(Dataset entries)
______
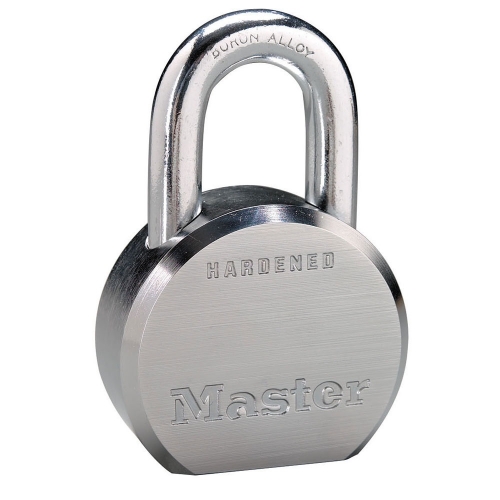 Master Lock 6230KA-10G750 Image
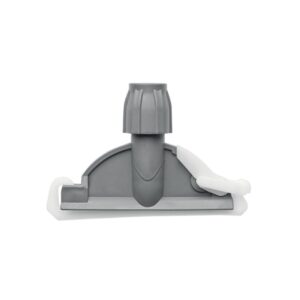 Suporte Plástico para Mop Pó Úmido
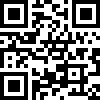 https://khabaronline.ir/xhSRM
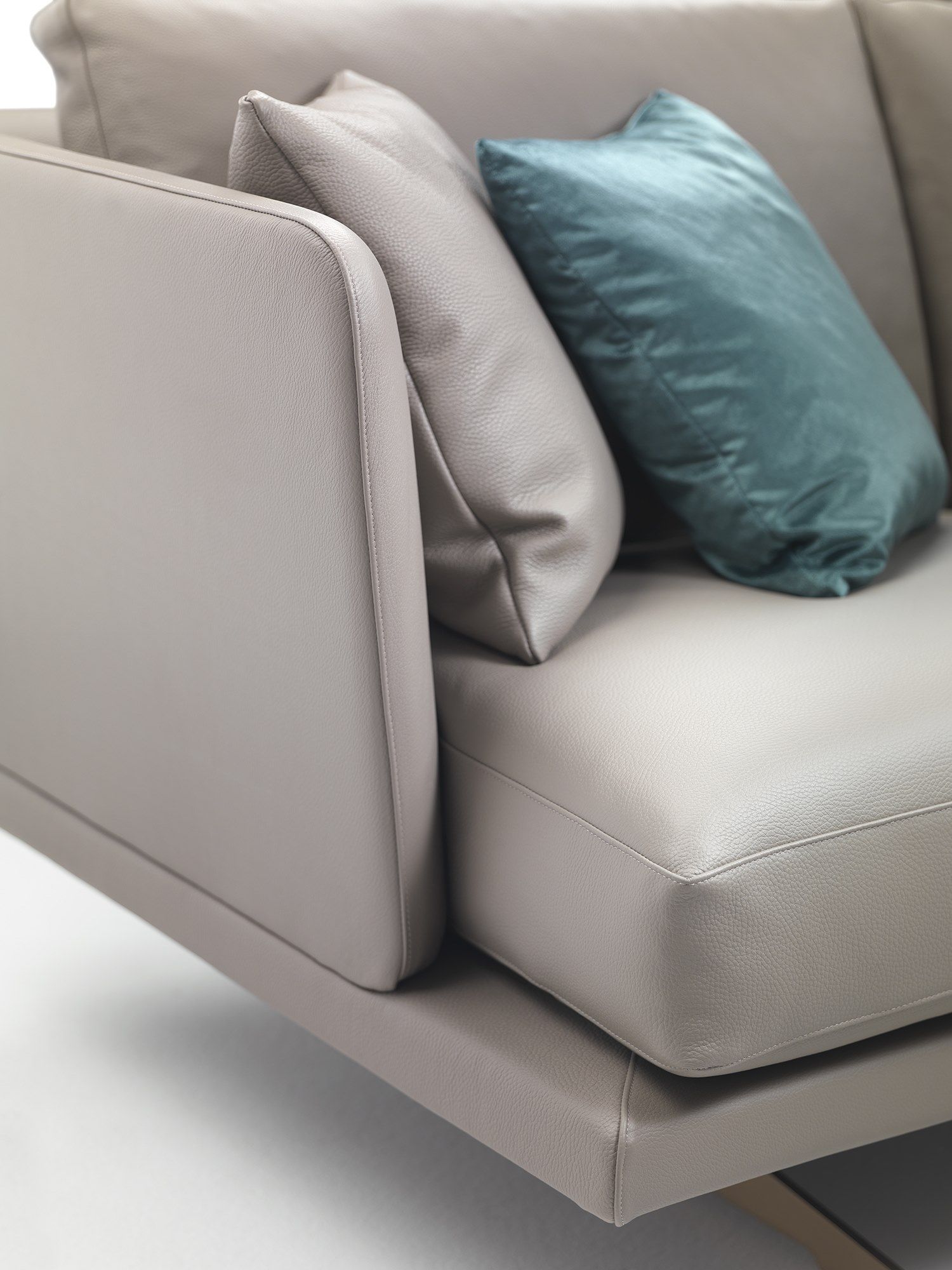 Ткань диван Marelli Clipper ARCH-00084640 - Вид №1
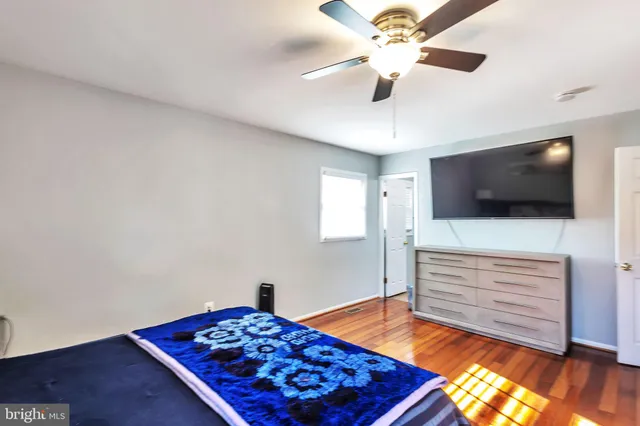 $565,000 | 11926 Galaxy Lane, Bowie, MD 20715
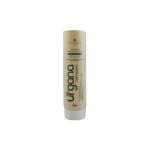 BB cream tube luxury PE foundation soft cosmetic packaging tube Plastic PE tubes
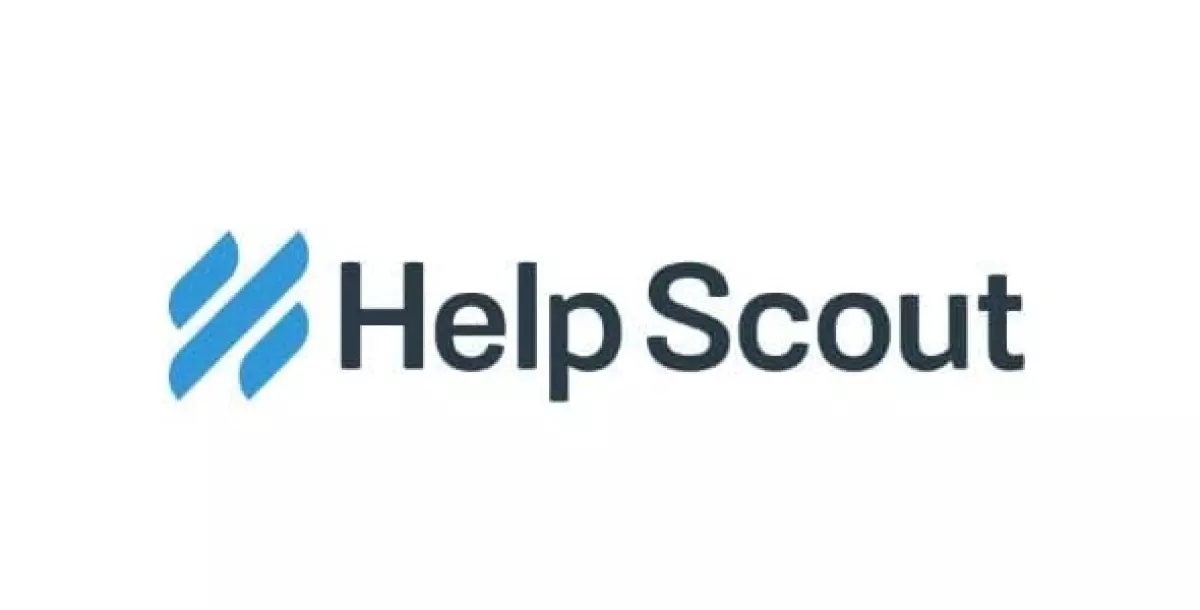 MemberPress: HelpScout  1.0.7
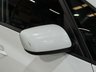 USED 2015 64 KIA VENGA 1.4 EcoDynamics 1 MPV 5dr Petrol Manual Euro 5 (s/s) (89 bhp) 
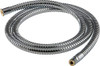 Delta RP40664SS Pivotal Hose & Gaskets - Roman Tub - R4700 Stainless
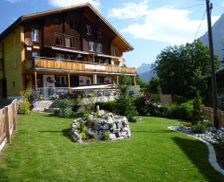 Switzerland Canton of Bern Gimmelwald vacation rental compare prices direct by owner 13600166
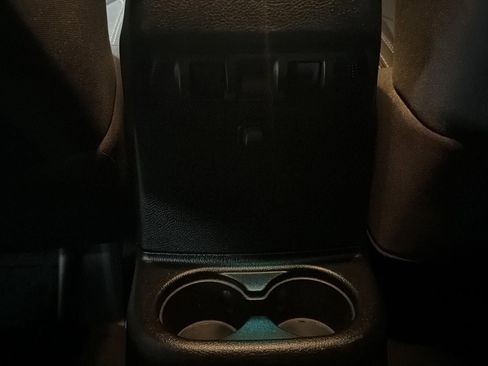 Used 2014 Jeep Wrangler Unlimited Sahara w/ Max Tow Package image 25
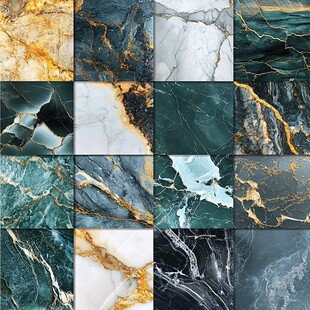 marble textures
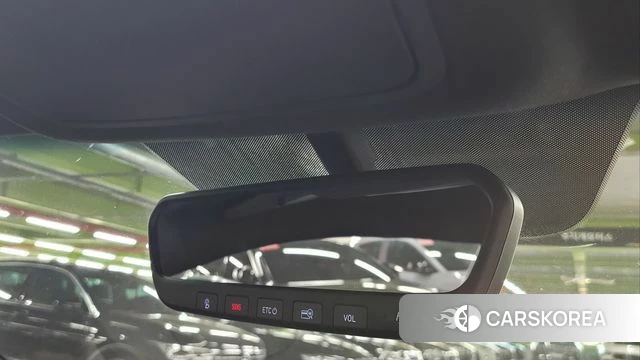 Hyundai Veloster (JS) 2018 Небесно-голубой из Кореи, фото 4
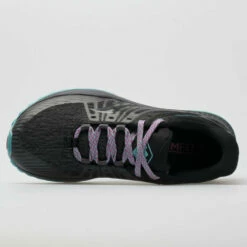 Saucony Mad River TR 2 Women's Charcoal/Marine 10 Saucony Mad River TR 2 Women's Charcoal/Marine -Holabird Sports Elegant Shop 045809 2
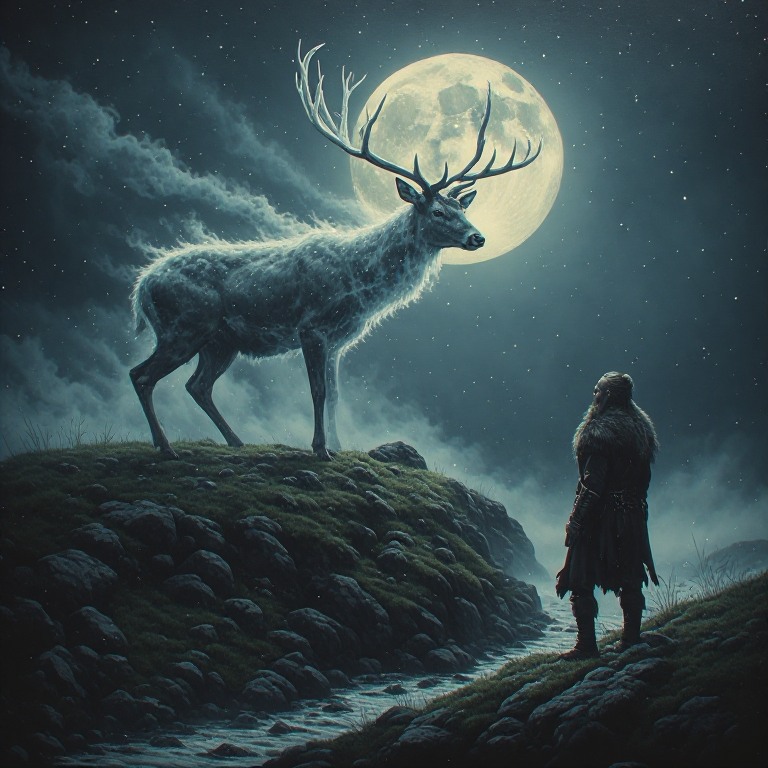 A-evocative-oil-painting-in-th-(32)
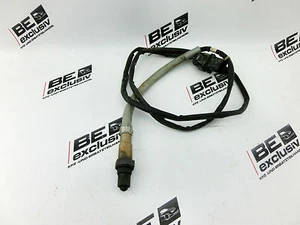 Original VW GOLF 5 V 1.8 T BPL Sensor Lambda Sonde 06A906262CP - Imagen 1 de 2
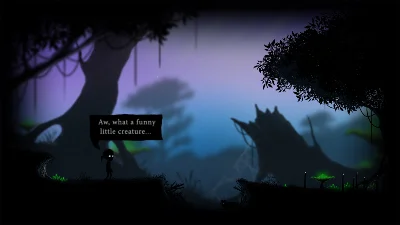 OddPlanet (Steam Key, GLOBAL)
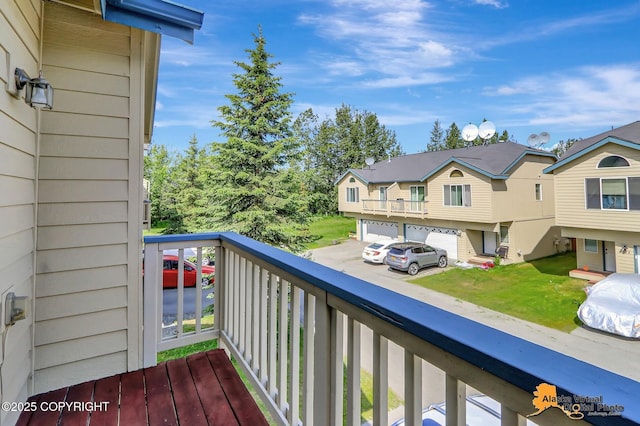 1612 Woodcutter Ct # 57, Anchorage, AK 99507 - photo 33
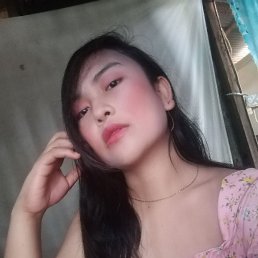 Aprilmae Euraba, 18, 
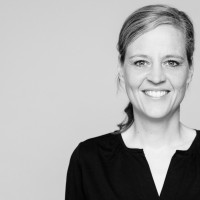 Silke Multhaupt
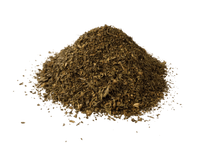 Tulsi Holy Basil Leaf, Granules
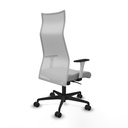 8447454222619_S5742370_P50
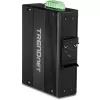 Switch di rete Trendnet TI-PG80B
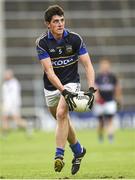 5 July 2014; Colin O'Riordan, Tipperary. GAA Football All Ireland Senior Championship, Round 2A, Tipperary v Longford. Semple Stadium, Thurles, Co. Tipperary. Picture credit: Stephen McCarthy / SPORTSFILE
______
▶ _TASK STATEMENT_
Starting at the line that holds "Tulsi Holy Basil Leaf, Granules", print each line through the last one of the entries above, exactly and with both ends included; no pictures.

▶ _SOLVED PROBLEM_
 Tulsi Holy Basil Leaf, Granules
 8447454222619_S5742370_P50
 Switch di rete Trendnet TI-PG80B
 5 July 2014; Colin O'Riordan, Tipperary. GAA Football All Ireland Senior Championship, Round 2A, Tipperary v Longford. Semple Stadium, Thurles, Co. Tipperary. Picture credit: Stephen McCarthy / SPORTSFILE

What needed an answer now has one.